Opera Turns 15, Claims Title of World's Oldest Web Browser

By  |  Tuesday, April 28, 2009 at 12:03 pm

Opera LogoThe folks at Opera are celebrating the fifteeth anniversary of their Web browser today. They’ve got some fun celebratory items up, including memories from cofounder and CEO Jon von Tetzchner, a secret origin in comic-strip form, some predictions for the future, and a list of fifteen reasons to use Opera.

The company’s saying that Opera is the oldest browser that’s still extant, and while that’s a defensible interpretation of history, it’s subject to debate. It’s marking its fifteenth birthday not on the anniversary of the first public release of the browser–that didn’t happen until 1996–but on the anniversary of the beginnings of coding on the first version, which was a research project at Norwegian telecommunications company Telenor. If you determined the oldest remaining browser based on general availability, Internet Explorer, which was released in 1995, would predate Opera. And IE was originally based on code from Spyglass Mosaic, the commercial version of NCSA Mosaic, the first graphical browser–but I don’t know if there’s any Mosaic code kicking around in today’s IE 8.

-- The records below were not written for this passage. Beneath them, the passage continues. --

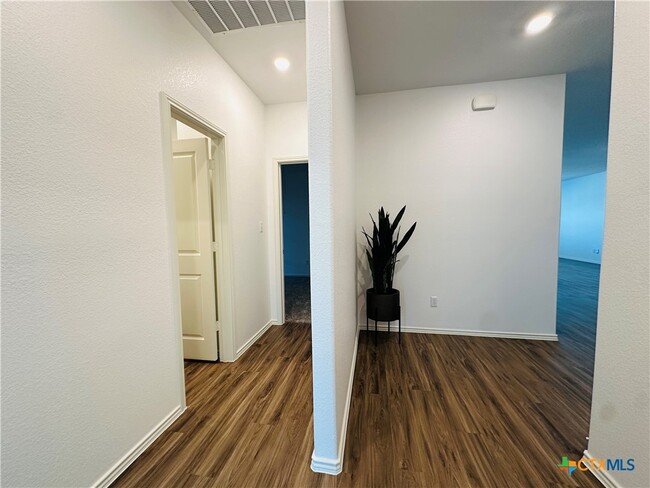 Building Photo - 13410 Mussel Rn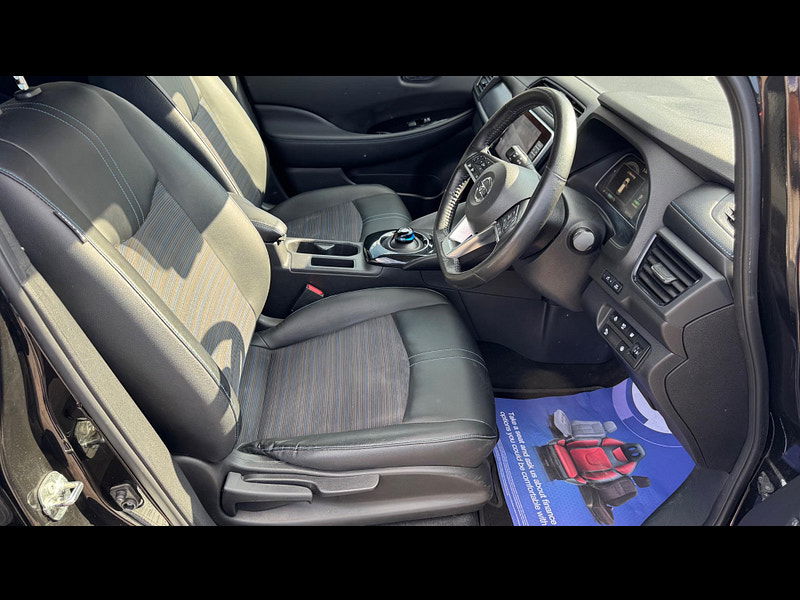 Nissan Leaf 40kWh N-Connecta Auto 5dr 5dr Automatic 2025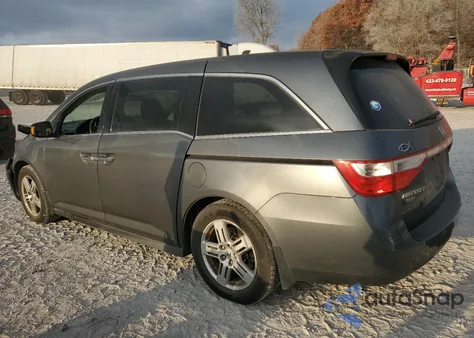 2011 Honda Odyssey Touring z USA, uszkodzony, nr VIN 5FNRL5H94BB036468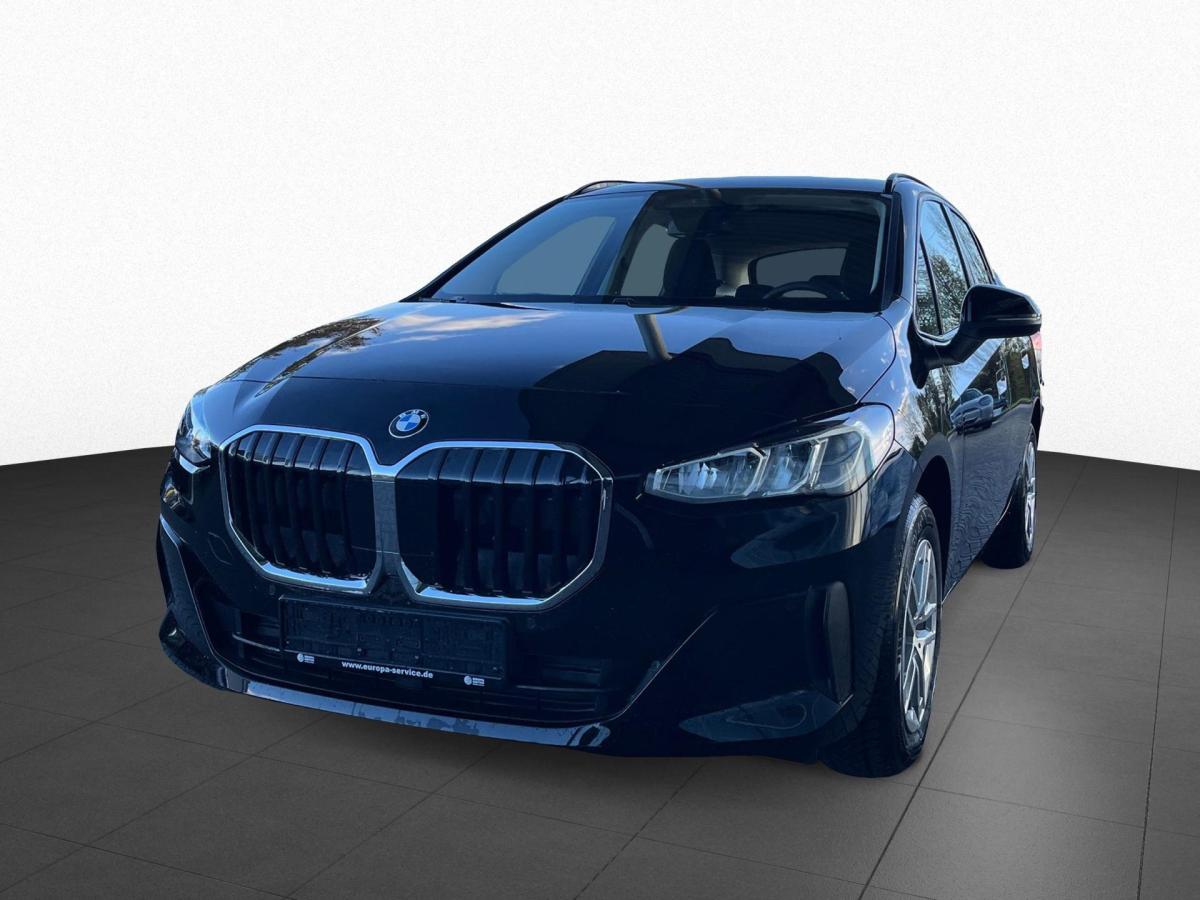 BMW 216i Active Tourer von vorne in Schwarz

Firefox, meanwhile, is a descendant of Netscape Navigator (which first appeared in late 1994 and was officially discontinued in 2007). But work on Netscape began in mid-1994–after Opera development was already underway, apparently.

Meanwhile, there’s at least one dark-horse candidate for the title of Oldest Browser Still Standing: Lynx, a text-only browser which I used myself back in the early 1990s. Here’s an OS X version posted at Apple’s site a little over a year ago, and here’s source code from 2007 with a note that a new version is under development.  Lynx supports neither graphics nor JavaScript, and I suspect that most modern sites are simply unusable in it–let’s not even talk about Flash here, folks–but it’s a browser. And if it’s gone to browser heaven, it did so only recently.

Anyhow, Opera is one of a handful of popular Internet apps of the mid-1990s that’s still with us, still evolving, and still doing interesting things–especially on alternative devices such as phones and gaming consoles. Long may it wave…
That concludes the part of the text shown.